Reporters Without Borders welcomed the 30-year jail sentence passed on 20 January 2006 to Anibal Antonio dos Santos Junior ("Anibalzinho"), for leading the commando that gunned down journalist Carlos Cardoso in 2000.
But it said many questions remained and called for an investigation of claims by his accomplices that ex-President Joaquim Chissano's son Nyimpine had been involved, and also for an enquiry into Anibalzinho's two escapes from prison since the murder.
RSF urged the authorities to see that Anibalzinho and his accomplices served their sentences in view of his previous escapes. The worldwide press freedom organisation noted that "a journalist's killers are rarely prosecuted in Africa ." It called on the authorities to reveal who ordered the killing.
Anibalzinho was also ordered to pay 14 billion meticals (490,000 euros) in damages to Cardoso's family and 1.5 billion meticals (51,000 euros) to the journalist's driver, who was wounded in the murder. The judge decreed that after completing his sentence, Anibalzinho be deported to his country of nationality, Portugal.

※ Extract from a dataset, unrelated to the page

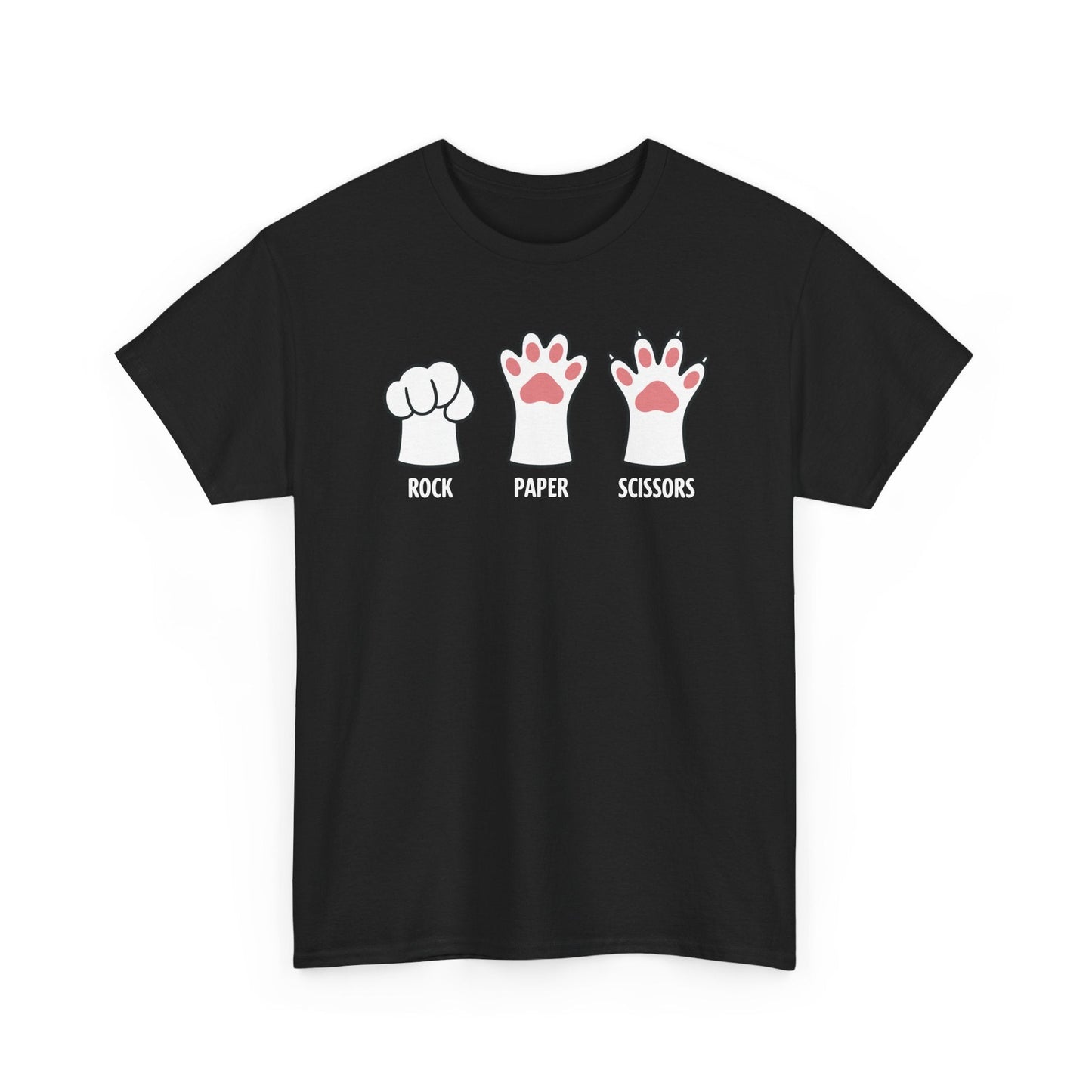 Funny  Introvert Cat Animal Rescue Rock Paper Scissors Cute Paw Cat T-Shirt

Cardoso, editor of the daily "Metical", was murdered in a main street of the capital, Maputo, on 22 November 2000, when two gunmen surrounded his car and opened fire. Cardoso was shot in the head and died on the spot and his driver was badly wounded.
The journalist had been investigating the country's biggest financial scandal since independence, the embezzlement of the equivalent of 14 million euros from Mozambique 's Banco Comercial, and had pointed a finger at three powerful businessmen, the Satar brothers and Vicente Ramaya.
Two of the five accused killers, during their trial in January 2003, had said Nyimpine Chissano ordered the murder. A few weeks earlier, prosecutor-general Joaquim Madeira said a new investigation was under way into Chissano's involvement. The president's son was summoned as a witness at the trial but denied any link with Anibalzinho.
Anibalzinho escaped from Maputo 's top-security prison in May 2004 and was arrested by Interpol a few days later on arrival at Toronto airport, where he had asked for political asylum. He was extradited to Mozambique in January 2005. He had earlier escaped from Maputo prison in September 2002 and was captured in Pretoria , South Africa in January 2003, the same day he was sentenced in absentia to 28 years in prison by a Maputo court for the murder. The 20 January 2006 verdict came after a retrial ordered on appeal because the first trial was in absentia.